Es más, estamos tocando en Puerto con ese”.
“Nunca quise estudiar otra cosa”
“Decidí
estudiar música a los 12 años y no me arrepiento de haberlo hecho”.
Alguna
vez pensó en estudiar Derecho, pero expresa: “Menos mal me arrepentí de
estudiar eso. Tenía que leer mucho. Además, me aburría la idea de tener que
encorbatarme y peinarme bien. La música era lo que me llenaba”.
Y así fue
como en el 2002 se graduó del colegio y se presentó a la Universidad Autónoma
de Bucaramanga (Unab). “Cuando fui a presentarme, uno de mis amigos que acababa
de terminar su audición, me dijo: ‘toqué algo de rock y después bossa nova’. No entendí nada cuando él
me dijo eso y me asusté más de lo que ya estaba. No tenía ni idea de cómo era
que se tocaba el bossa nova porque
nunca antes lo había escuchado.
Cuando
entré me dijeron que tocara cualquier cosa, así que le di duro a eso. No me
acuerdo lo que toqué. Creo que fue tan espontáneo que no me di cuenta de lo que
pasaba. Terminé y esperé los resultados. Finalmente, pasé a la carrera de Música”-
narra Didier.
Nunca
tuvo clases formales de batería pero eso no lo desmotivó. Siempre pensó que
llegaría a ser grande con ayuda de la música y sigue pensándolo hasta el día de
hoy.
Medellín, el Puerto
Cuando
Didier estaba en el tercer semestre de la carrera, su padre consiguió un
trabajo en Medellín. Entonces tuvo que mudarse y buscar dónde estudiar.
“Fui a la
de Antioquia y después a Eafit. Indudablemente, me gustó mucho la segunda. Además
de ser muy bonita, era reconocida y el programa de Música es muy fuerte allí.
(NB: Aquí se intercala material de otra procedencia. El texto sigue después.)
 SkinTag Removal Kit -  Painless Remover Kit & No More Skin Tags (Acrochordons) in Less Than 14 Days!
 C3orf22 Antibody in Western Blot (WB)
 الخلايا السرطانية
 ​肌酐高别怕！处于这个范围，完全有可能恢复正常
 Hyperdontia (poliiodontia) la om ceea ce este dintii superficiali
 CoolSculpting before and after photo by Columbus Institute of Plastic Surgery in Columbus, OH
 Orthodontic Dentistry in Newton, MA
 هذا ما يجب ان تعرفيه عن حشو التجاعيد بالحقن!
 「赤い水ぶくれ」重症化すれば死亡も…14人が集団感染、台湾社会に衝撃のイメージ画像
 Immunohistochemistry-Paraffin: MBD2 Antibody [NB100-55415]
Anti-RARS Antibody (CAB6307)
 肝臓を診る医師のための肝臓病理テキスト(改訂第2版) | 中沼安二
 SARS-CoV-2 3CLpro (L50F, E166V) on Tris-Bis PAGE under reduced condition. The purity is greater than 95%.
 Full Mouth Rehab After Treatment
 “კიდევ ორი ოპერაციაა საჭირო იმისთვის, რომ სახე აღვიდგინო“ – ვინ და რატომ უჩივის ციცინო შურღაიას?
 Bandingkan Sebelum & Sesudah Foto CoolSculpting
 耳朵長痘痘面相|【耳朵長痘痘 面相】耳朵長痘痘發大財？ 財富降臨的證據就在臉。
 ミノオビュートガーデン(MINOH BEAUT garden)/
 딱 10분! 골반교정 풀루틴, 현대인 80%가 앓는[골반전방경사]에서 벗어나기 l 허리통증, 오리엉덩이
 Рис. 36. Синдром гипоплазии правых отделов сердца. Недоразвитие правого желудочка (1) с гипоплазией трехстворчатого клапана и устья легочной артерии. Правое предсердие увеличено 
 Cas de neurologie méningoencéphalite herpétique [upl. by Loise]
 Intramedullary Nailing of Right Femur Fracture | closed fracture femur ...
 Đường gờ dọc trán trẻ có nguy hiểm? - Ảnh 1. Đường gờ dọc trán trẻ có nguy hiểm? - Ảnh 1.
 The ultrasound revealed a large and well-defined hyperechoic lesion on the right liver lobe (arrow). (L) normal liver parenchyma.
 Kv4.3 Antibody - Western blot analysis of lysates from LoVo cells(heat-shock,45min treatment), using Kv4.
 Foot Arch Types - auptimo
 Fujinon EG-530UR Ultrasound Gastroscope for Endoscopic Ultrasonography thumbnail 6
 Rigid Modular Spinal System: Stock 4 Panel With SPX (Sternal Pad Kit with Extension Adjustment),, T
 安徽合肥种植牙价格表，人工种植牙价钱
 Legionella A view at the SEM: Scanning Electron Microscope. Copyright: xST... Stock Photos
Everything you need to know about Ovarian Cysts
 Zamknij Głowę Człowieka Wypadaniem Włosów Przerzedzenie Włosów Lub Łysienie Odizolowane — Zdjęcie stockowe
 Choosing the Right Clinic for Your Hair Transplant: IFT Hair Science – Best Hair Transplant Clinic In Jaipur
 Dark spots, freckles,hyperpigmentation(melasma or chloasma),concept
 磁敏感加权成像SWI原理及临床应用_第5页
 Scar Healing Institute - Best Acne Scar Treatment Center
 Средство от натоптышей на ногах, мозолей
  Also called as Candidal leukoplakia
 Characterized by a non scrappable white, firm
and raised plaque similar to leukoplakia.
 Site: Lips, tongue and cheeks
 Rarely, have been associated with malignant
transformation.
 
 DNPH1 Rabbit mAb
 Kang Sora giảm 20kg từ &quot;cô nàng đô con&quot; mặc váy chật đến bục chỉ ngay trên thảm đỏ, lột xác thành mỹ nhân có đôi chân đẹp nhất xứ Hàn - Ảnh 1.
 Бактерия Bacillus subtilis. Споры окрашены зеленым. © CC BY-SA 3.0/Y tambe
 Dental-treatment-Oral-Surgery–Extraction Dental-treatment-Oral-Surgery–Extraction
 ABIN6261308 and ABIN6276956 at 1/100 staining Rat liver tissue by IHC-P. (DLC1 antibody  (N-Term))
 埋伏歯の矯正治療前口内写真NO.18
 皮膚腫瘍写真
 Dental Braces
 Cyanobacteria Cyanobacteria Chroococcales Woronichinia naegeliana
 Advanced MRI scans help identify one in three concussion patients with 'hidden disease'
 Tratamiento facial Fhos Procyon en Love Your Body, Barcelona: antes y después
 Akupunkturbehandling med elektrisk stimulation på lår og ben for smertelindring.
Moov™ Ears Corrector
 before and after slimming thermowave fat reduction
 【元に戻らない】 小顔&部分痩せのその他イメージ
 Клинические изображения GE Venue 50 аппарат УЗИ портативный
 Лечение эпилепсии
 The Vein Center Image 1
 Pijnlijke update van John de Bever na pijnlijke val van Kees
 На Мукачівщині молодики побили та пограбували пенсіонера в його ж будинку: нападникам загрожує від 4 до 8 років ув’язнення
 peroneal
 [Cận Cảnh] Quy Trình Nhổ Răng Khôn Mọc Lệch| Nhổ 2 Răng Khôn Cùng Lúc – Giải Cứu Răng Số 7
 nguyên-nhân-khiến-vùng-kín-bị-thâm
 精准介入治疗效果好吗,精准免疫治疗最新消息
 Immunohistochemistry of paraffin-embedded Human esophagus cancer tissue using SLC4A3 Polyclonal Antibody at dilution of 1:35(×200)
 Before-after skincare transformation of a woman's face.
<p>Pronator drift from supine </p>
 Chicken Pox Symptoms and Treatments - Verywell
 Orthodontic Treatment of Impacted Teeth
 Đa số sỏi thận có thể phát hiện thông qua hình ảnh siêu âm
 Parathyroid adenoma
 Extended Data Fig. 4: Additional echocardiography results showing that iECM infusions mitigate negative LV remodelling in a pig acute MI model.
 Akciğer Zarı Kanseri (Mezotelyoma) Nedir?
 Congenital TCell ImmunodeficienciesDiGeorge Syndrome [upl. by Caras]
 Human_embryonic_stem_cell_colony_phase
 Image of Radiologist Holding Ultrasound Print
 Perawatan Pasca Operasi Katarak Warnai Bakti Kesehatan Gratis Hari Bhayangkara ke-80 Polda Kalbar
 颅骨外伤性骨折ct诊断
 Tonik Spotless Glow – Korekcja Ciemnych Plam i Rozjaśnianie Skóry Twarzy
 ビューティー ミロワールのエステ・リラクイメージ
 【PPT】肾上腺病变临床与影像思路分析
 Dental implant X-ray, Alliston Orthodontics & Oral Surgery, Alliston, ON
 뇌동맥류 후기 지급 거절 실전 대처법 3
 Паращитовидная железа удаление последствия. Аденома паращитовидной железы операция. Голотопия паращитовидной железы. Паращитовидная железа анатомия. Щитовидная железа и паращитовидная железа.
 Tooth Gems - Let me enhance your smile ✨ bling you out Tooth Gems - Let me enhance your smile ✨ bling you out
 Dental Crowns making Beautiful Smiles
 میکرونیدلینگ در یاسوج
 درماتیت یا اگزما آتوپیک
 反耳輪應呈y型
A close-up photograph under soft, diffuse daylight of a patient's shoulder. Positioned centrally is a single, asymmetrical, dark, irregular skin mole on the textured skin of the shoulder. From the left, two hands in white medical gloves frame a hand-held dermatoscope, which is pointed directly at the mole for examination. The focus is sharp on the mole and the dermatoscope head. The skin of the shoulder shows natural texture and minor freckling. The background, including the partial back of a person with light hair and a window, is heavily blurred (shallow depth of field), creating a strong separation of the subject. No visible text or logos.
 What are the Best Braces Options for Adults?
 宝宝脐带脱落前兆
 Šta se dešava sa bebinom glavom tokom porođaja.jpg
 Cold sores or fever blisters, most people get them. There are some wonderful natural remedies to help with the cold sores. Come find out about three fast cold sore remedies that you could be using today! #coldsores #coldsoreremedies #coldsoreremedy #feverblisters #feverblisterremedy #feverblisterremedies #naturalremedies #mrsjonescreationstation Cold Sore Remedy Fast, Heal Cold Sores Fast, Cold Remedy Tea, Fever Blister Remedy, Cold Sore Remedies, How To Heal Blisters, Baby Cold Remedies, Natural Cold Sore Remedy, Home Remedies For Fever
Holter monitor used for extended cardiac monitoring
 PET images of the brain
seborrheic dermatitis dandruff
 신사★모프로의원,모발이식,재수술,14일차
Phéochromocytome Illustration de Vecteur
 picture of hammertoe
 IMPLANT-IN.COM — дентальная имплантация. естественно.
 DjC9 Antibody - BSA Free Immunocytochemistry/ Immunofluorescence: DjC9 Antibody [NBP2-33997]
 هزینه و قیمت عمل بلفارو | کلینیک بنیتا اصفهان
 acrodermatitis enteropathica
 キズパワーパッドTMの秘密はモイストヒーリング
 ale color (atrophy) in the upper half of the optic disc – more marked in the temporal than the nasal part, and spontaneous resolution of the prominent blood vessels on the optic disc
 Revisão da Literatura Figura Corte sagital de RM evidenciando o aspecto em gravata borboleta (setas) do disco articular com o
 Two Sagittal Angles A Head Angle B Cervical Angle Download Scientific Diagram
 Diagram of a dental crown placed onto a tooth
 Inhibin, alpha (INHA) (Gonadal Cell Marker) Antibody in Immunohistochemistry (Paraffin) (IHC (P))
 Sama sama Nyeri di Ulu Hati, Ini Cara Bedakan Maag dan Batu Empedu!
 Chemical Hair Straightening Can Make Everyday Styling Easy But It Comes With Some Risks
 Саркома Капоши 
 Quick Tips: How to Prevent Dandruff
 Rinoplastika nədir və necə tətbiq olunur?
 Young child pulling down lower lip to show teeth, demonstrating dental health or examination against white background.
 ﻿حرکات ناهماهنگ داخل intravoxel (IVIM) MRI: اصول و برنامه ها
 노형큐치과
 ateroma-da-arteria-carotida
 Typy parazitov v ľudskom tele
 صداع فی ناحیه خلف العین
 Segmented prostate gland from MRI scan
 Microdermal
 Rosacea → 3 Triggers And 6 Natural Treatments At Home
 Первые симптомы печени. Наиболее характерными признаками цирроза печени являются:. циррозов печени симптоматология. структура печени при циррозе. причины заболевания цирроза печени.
Entonces hablé con el jefe de carrera. Estaba muy emocionado pero me desanimé cuando
me dijo que no tenían un énfasis en batería. Entré a tocar percusión sinfónica
con la idea de cambiarme cuando abrieran el pregrado en jazz, pero nunca lo
abrieron”.
Ahí
conoció a Juan Guillermo Aguilar, un percusionista integrante de Puerto Candelaria.
Le propusieron que tocara con ellos y él accedió.
“Puerto
reunía todo lo que yo esperaba. Siempre soñé con viajar mucho y mostrar lo que
es Colombia a través de la música. Anhelaba eso desde que era niño y entrar a
Puerto fue como si el destino me hablara.
Yo presentía que iba a poder cumplirlo algún día y aunque ya esté cumpliéndolo,
quiero seguir anhelándolo con más ganas”, asegura Didier.
La música es su vida
Él
confiesa: “Me trasporto cuando me siento a tocar batería. Es la mejor sensación
que puedo tener. Siento que ese momento es mío y que puedo ver a la gente feliz
cuando logro transmitir la energía. Siento ganas de saltar, gritar fuerte y
mover los brazos. Me gusta ver cuando la gente se ríe con nosotros y puede
encontrarse gracias a nuestra música. Aunque no los logre ver en los
conciertos, sé que están felices y eso me llena”.
Pie de
foto 1: Durante la grabación del DVD: “Amor y deudas” en el Teatro Pablo Tobón
Uribe.
Pie de foto 2: Didier
intepretando la “La tusa”, uno de los temas más solicitados en los conciertos
de Puerto Candelaria.
Pie de foto 3: Carátula de
“Cumbia rebelde”, primer álbum de Puerto Candelaria en el que Didier participó.
Pie de foto 4: Después de tocar
con tapas y correas, Didier consiguió tener su batería.